PUY MONTBRUN - UN HOMME DE COMMANDO(source HISTORIA - 1979)
Ce languedocien long et maigre à la sensibilité d’écorché, sombre, fier et solitaire comme le chevalier de Dürer, toujours en quête de perfection, c’est l’homme des commandos, de la contre guérilla et des missions spéciales. Plongeur, alpiniste, Déodat du PUY-MONTBRUN a manié toutes les armes y compris l’explosif, l’arme blanche, le déguisement et quelques petites merveilles conçues dans les laboratoires du contre espionnage.
Parachuté en FranceParticipant avec les SAS britanniques à une opération parachutée en jungle Malaise, en Novembre 1952, contre les guérillos communiste, il a reçu plus tard du colonel Sloane commandant le 2ème SAS, une lettre où l’on peut lire :
«
Vous nous avez grandement impressionnés. Nous vous considérons comme un soldat hors du commun (outstanding soldier) »
Il avait fait l’admiration des Anglais au cours d’une poursuite de 15 jours en pleine jungle (les parachutistes atterrissaient sur des arbres atteignant une hauteur de 60 mètres et plus. De ces cimes, les hommes se laissaient glisser au sol par une corde de « rappel »).
C’est qu’il avait déjà derrière lui une longue expérience.
En 1940 à 20 ans, il a connu le rude choc des panzers Allemand, et des bombardements des
stukas. Blessé le 24 Juin dans un combat pour l’honneur, il s’évade du lazaret Allemand où il est soigné. Repris il saute du camion qui le transporte vers l’Allemagne. Il est recueilli mourant par des fermiers. Dès qu’il le peut, il passe en zone libre. Volontaire pour la Syrie, il y est pris en mains par l’intelligence service et accepte de « travailler » en France pour son compte. Au moment de l’occupation de la zone libre, il prend contact avec le réseau C.N.D. de Rémy.
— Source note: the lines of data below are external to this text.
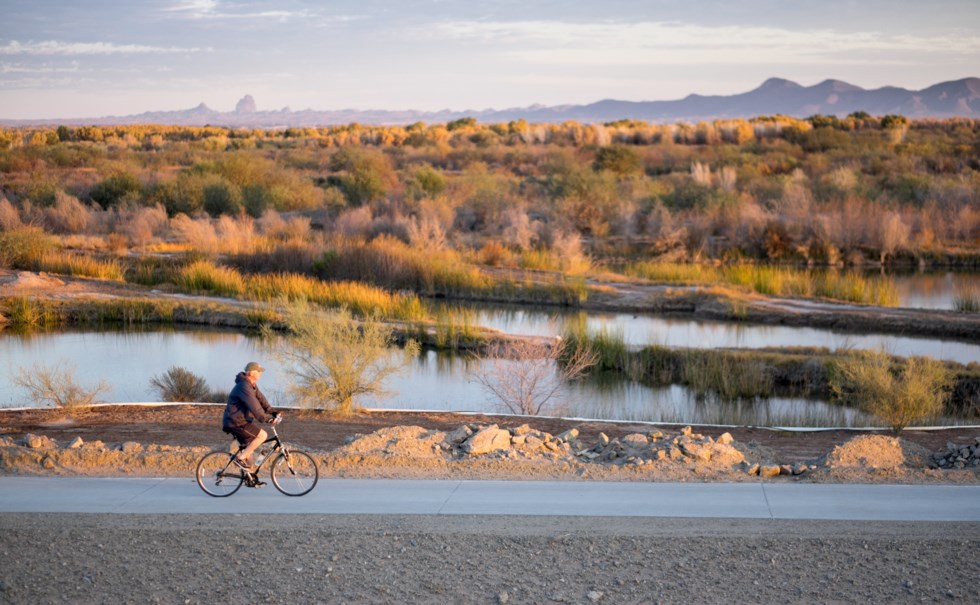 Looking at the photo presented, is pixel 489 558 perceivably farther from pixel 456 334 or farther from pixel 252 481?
pixel 456 334

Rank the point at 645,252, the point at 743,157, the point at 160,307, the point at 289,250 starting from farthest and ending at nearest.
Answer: the point at 743,157 → the point at 645,252 → the point at 289,250 → the point at 160,307

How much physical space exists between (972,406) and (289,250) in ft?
75.7

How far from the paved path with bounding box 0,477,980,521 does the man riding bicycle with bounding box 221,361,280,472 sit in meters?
0.64

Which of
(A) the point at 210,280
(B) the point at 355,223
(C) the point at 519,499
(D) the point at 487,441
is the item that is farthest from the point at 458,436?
(B) the point at 355,223

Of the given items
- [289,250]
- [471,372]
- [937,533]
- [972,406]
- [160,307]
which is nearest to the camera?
[937,533]

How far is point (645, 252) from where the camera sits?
41.9m

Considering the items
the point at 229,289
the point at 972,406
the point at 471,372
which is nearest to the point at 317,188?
the point at 229,289

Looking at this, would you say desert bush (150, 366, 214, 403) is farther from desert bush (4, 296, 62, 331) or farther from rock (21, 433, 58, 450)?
desert bush (4, 296, 62, 331)

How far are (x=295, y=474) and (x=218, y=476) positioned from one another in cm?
77

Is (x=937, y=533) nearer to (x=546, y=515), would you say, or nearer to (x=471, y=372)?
(x=546, y=515)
Passé aux Forces Françaises Combattantes, il porte le n° FFL 12881. Il est du groupe qui forme le FFC Andalousie, crée par François Bistos, où il assure en particulier les missions de protection et de sécurité. En situation trop dangereuse son « patron » l’envoie en Angleterre. Breveté parachutiste à Ringway, il reçoit l’instruction des SAS et des « Jedbjurghs ». parachuté, il accompli encore en France et hors de France, des missions de l’ombre jusqu'à l’armistice. Elles lui valent, à 25 ans la légion d’honneur.
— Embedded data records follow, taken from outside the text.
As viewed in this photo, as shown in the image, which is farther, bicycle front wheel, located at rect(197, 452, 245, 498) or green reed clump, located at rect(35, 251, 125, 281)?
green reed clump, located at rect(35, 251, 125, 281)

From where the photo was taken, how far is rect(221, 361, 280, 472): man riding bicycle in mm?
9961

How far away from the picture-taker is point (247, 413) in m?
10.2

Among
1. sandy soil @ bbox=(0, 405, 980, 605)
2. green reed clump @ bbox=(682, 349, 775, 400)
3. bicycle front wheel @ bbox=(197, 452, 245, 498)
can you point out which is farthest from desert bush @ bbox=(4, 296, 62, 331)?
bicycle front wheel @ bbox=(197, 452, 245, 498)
Toujours se dépasserEn 1945, il entre au service action du contre-espionnage Français, participe à la création de centre de Cercottes, puis étant au 11ème choc se porte volontaire pour l’Indochine où il restera presque sans interruption de 1950 à 1955. Officier aux Troupes Aéroportées, le général de Lattre le prend comme aide de camp ce qui ne l’empêche pas de participer à plusieurs opérations et de monter des « coups » très particuliers.
«
puy-Montbrun, écrit Lucien Bodar dans l’Aventure, ne consent à demeurer à la cour « du roi jean » qu’a condition d’avoir de temps en temps une « permission » Alors, il monte sur une chaloupe d’une étrange armada, une flottille en embuscade sur les houles de la mer de Chine, là ou elles déferlent contre la côte de l’Annam rouge.
Soudain, quand il a un « tuyau » à exploiter, c’est le débarquement nocturne, le raid sanglant à travers les ténèbres. Leur marche d’approche, c’est celle du silence, celles d’ombres. Si tout va bien, il leur faut tuer et détruire en quelques minutes, avec une précision absolue. Et si le boulot a été fait sans accroc, il leur reste à s’enfuir au galop vers leurs canots. C’est cette fuite qui est la plus périlleuse. Souvent, il faut combattre pour « décrocher » Il y a des blessés, des tués à emporter. Chaque fois le réembarquement est un « miracle ».
GCMA débarquant en janvier 1953 sur une plage au sud de Qui-Non, sur la côte d'Annam, en pleine zone ennemie où des "sonnettes" débarqué de nuit ont préalablement éffacé les guetteurs.
Ce type d’opérations, il en est l’initiateur au sein du Groupe de Commandos Mixtes Aéroportés commandé au départ par le colonel Gral. Le GCMA a été institué à la fin de 1950 sur les directives du colonel Belleux, chef des services spéciaux (SDECE) à Saigon et du colonel Fille-Lambie, alias Morlane, qui dirige à Paris le service action de SDECE. Sa mission générale : créer l’insécurité en zone vietminh, s’infiltrer dans la jungle où ne s’aventure plus les bataillons, débarquer clandestinement sur les côtes, préparer par le renseignement et l’action les grandes opérations combinées, enfin implanter des maquis.
Puy-Montbrun est une des figures de proue du GCMA, formé de paras d’élite, sachant tout faire, capable de résister à la solitude, à l’horreur, à l’angoisse de la traîtrise, à la fatigue, à la maladie, à la peur dont nul n’est à l’abri. Durant trente trois mois, avec son groupe action, le capitaine du Puy-Montbrun multiplie les actions de contre-guérilla et de commando. Débarquement en zone rebelle (plus de 20 fois entre Juillet et décembre 1952), implantation d’agents, sabotages, destruction de jonques, recherche de prisonniers
Lucien Bodard l’a dépeint avec Gral et Claude Barrès comme « le représentant d’une nouvelle race d’hommes de sang, de curieux saints » Il l’ a vu « Méridional austère, puritain et même tout proche du mysticisme. S’il tue, et même le plus possible, c’est par « moralisme » Il se bourre la tête de tout un pathos philosophique qui sera celui des paras « défenseurs de l’Occident » Son ascétisme se retrouvera en eux, car ils ont toujours un côté moine, même mêlé à d’autre penchants bien différents.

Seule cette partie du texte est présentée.